1 Reproducable Research: Projects and Markdown Notebooks

Our aim is to create reproducible research and analysis. It is a crucial component of the open science movement but is even more important for your own research or study projects. You want to create a self-contained well-documented easy-to-understand reproducible analysis. A complete self-sufficient code that others and, most importantly, future-you can easily understand saves you time and gives you a deeper insight into the results (less mystery is better in cases like these). It also makes it easier to communicate your results to other researchers or fellow students.

You should also always consider posting your results and analysis online at public repositories such as OSF, Science Data Bank, or GitHub. This not only help others but forces you into making such data + analysis archive more thoroughly. That, in turns, makes it easier for future-you to return to the data and the analysis. Using a GitHub (private) repository is a good idea even if you are not planning to collaborate with others as it gives you a version-controlled code in a cloud and makes synchronizing it between different machines easy.

1.1 Projects

One of the most annoying features of R is that it looks for files and folders only relative to its “working directory”, which is set via setwd(dir) function. What makes it particularly confusing is that your currently open file may be in some other folder. If you simply use File / Open, navigate to that file and open it, it does not change your working directory. Similarly, in R-Studio you can navigate through file system using Files tab and open some folder you are interested in but that does not make it a working directory. You need to click on More and Set As Working Directory to make this work (that trick won’t work for an opened file).
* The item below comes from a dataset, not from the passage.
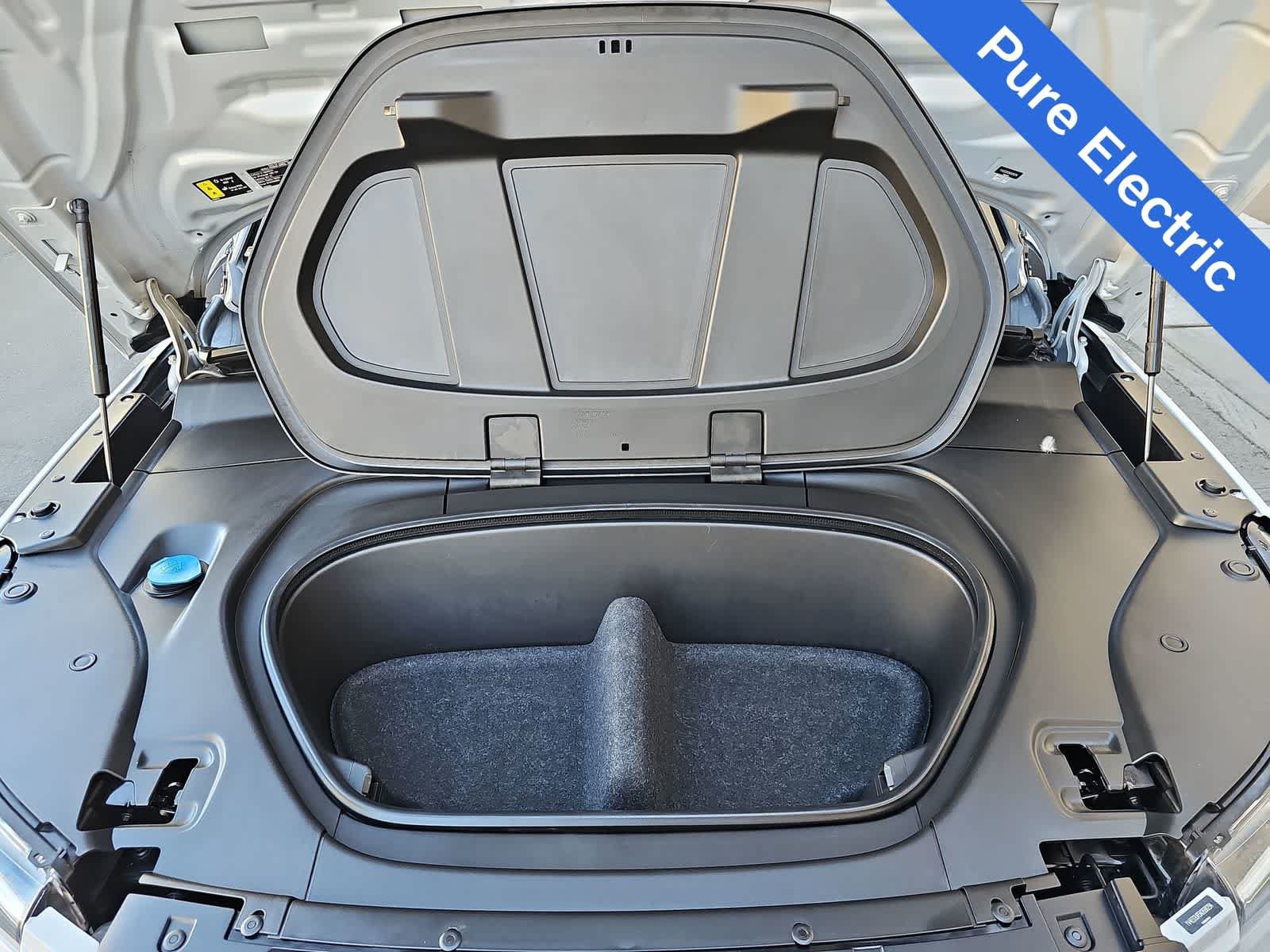 Used 2022 Volvo XC40 P8 Recharge Plus AWD/4WD image 13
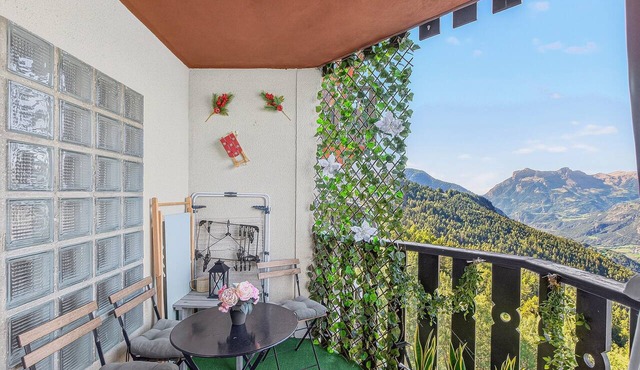 'Chaleureux 4 Couchages' Apartment with Mountain View, Private Terrace and Wi-Fi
In short, it may look that you are working in a particular folder but R will have its own opinion about this. Whenever this happens, it is really confusing and involves a lot of cursing as R cannot find files that you can clearly see with your own eyes. To avoid this, you should organize any program, project or seminar as an R Project, which assumes that all necessary files are in the project folder, which is also the working directory. R Studio has some nice project-based touches as well, like keeping tracking of which files you have open, providing version control, etc. Bottom line, always create a new R-project to organize yourself, even if it involves just a single file to try something out. Remember, “Nothing is more permanent than a temporary solution!” Which is why you should always write your code, as if it is for a long term project (good style, comprehensible variable names, comments, etc.), otherwise your temporary solution grows into permanent incomprehensible spaghetti code.

Let us create a new project for this seminar. Use File / New Project…, which will give you options of creating it in a new directory (you get to come up with a name), using an existing directory (project will be named after that directory), or check it out from remote repository (if you know git, this is very convenient). You can do it either way. This will be a project folder for this seminar and you will need to put all notebooks and external data files into that folder. Next time you need to open it, you can use File / Recent Projects menu, File / Open Project…_ menu, or simply open the.Rproj` file in that folder.

1.2 Quattro and RMarkdown notebooks

There are two very similar notebook formats in R: an older R Markdown and a new Quatro. On the one hand, the latter is the future, so it would make sense to use Quatro notebooks. On the other hand, there is little practical difference for you, as from a R-only end-user point of view, they differ mostly in how they specify chunk options (more on that later).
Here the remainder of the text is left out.